As such, owners of real property located within the BSFD who have at least $400 of equity in property are entitled to vote in the BSFD elections, regardless of whether they reside within the BSFD. (Compl. ¶ 27.) According to Plaintiffs, this results in the prohibition of non-owner residents from either voting in the BSFD elections or participating in its governance. Id. ¶ 29.
The BSFD Charter restricts voting to individuals who are qualified voters and hold a deeded property interest in the BSFD. Id. ¶ 33; see also id. at Ex. A, § 2. Plaintiffs are qualified voters and residents of the BSFD. (Compl. ¶¶ 1-7.) Of the seven plaintiffs, six hold a deeded property interest in the BSFD. Id.

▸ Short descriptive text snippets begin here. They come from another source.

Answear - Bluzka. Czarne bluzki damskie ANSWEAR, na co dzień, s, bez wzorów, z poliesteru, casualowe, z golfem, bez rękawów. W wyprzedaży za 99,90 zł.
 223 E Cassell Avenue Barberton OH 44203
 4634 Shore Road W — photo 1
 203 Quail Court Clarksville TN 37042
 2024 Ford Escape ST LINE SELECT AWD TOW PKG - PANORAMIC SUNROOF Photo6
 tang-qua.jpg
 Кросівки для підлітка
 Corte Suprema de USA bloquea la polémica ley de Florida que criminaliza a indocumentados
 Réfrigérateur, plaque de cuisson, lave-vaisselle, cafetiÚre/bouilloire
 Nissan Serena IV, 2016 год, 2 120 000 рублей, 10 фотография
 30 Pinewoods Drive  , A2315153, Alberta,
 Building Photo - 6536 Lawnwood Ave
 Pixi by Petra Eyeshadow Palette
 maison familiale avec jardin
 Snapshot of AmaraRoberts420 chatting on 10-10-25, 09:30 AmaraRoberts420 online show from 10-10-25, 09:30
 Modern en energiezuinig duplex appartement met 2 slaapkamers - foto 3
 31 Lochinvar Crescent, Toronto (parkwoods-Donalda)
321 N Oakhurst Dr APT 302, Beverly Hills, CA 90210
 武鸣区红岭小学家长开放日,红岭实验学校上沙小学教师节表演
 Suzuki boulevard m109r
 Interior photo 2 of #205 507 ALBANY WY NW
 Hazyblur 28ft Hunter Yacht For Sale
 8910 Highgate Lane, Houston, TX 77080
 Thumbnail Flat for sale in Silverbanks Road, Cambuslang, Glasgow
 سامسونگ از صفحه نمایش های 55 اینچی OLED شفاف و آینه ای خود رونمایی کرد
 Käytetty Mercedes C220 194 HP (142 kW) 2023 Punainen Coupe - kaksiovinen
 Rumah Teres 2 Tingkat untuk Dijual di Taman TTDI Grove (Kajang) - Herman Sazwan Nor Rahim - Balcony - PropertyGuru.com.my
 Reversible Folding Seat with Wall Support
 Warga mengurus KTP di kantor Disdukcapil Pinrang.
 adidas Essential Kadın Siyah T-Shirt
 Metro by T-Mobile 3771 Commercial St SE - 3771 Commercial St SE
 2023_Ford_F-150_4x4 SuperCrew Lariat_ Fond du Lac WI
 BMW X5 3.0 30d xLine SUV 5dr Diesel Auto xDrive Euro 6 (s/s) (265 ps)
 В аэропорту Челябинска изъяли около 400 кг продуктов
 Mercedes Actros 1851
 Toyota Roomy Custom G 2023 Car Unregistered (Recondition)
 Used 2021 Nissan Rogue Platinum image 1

While these six plaintiffs are permitted to vote in the BSFD elections, Plaintiff Jenkins is not permitted to vote at the BSFD elections because she does not hold a deeded property interest within the BSFD. Id. ¶¶ 32-33, 36. Accordingly, the Complaint alleges that the BSFD's voting provision has resulted in the ability of nonresident property owners, including over 4000 owners of the Bonnet Shores Beach Club's-a Rhode Island Condominium Association-bathhouses or cabanas, to vote. Id. ¶ 37.
At a BSFD Council meeting held on October 16, 2019, a council member, Anita Langer, moved to amend the current distribution of voting rights under the BSFD Charter. Id. at Ex. F, 2-3. In moving the council to amend the BSFD's voting provision, Anita Langer stated that the right to vote should be in connection to residency "because the current taxpayer requirement is unconstitutional." Id. at 2. The motion did not receive a second and therefore failed. Id. at 3.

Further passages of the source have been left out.